Promoting entrepreneurship, combating poverty

Recently, both Bill Gates and the leadership at eBay founder Pierre Omidyar's foundation have come out and made strong calls for philanthropists to break the status quo and invest their charity dollars as the kind of risk capital needed by entrepreneurs globally to fund potentially-transformative social business models. Each points to the catalytic role that philanthropic funding can play in breaking a stifling Catch-22 whereby entrepreneurs need capital to build and test their concepts, but these concepts need to be proven before most serious investors will consider funding them. Nowhere is this problem more acute than in India. Despite the great need – roughly 400 million people live at or below the extreme poverty line – and proliferation of impact funds wanting to invest in new models, investors claim “the supply of entrepreneurs is very low,” and there is a real dearth of investment-ready social businesses. As Omidyar Network’s Managing Director Matt Bannick articulated perfectly, “it is as if impact investors are lined up around the proverbial water pump waiting for the flood of deals, while no one is actually priming the pump!”

How can we - a community committed to real change - prime that pump? What can we do to produce a new crop of entrepreneurs that is ready to tackle stubborn social problems through business solutions?

1. Let's commit a certain amount of philanthropic funding to serve as seed capital for early-stage ideas.

Philanthropic capital is the ultimate risk capital -- it can absorb a high amount of uncertainty and help an entrepreneur test what works and what doesn’t. It does not ask for an immediate return, or any return at all. In my personal experience, there is a shortage of “investment-ready” entrepreneurs in India, from the perspective of fund managers requiring market returns, but there is no shortage whatsoever of aspiring entrepreneurs with promising ideas that simply need a runway to test them out. Philanthropic capital, even amounts as low as $5K, can provide this runway and help unlock new business models. By positioning philanthropic capital as an equity investment instead of a simple grant, we open up the possibility of an upside. If the entrepreneur manages to build a profitable and scalable business, our investment would yield returns that would flow right back to the seed fund and be recycled into future investments. As we build up the wins in our portfolio, we would have less and less of a need in future years to raise donor dollars.
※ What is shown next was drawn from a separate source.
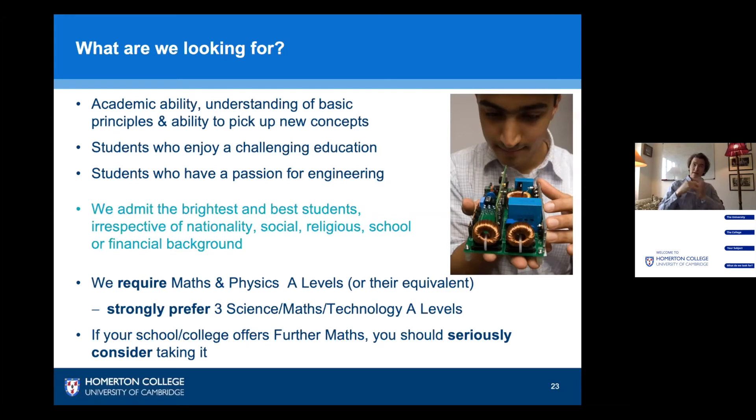In terms of specific subject requirements, we do require maths and physics, and we strongly prefer you take an additional technology, science or maths subject. If your school offers further maths, you should seriously consider taking it — but don't panic if it doesn't, you won't be disadvantaged. All you need to do is show me you have a good mathematical ability, which you can demonstrate in your admissions tests and interviews.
2. Let's commit to mentoring new, inexperienced entrepreneurs.

Entrepreneurs benefit most from the combination of funding plus hands-on business development support. Often times an entrepreneur will know their industry and community well, but may not have other skills such as sophisticated financial modeling or information system development. In addition, entrepreneurs and small-business owners from some of India's poorest communities will have the best relationships with exactly the populations we wish to serve; they do not, however, have MBAs or the polish that venture capitalists wish to see. I have consistently seen that 12 to 18 months of guidance and mentorship dramatically sharpens such an entrepreneur’s business acumen and ability to manage a scaling enterprise. Empowering less obvious entrepreneurs allows them to grow their businesses and create jobs for the poorer populations around them.

3. Let's commit to exchanging best practices and “franchising” the models that work.

The seed funding and mentorship will certainly yield a few promising business models. Given the magnitude of the problem at hand, we need to think creatively about scale and replication. The more we compare notes and openly share our business blueprints, the better our chance of inspiring others to adapt these working models to different customer segments and diverse geographies.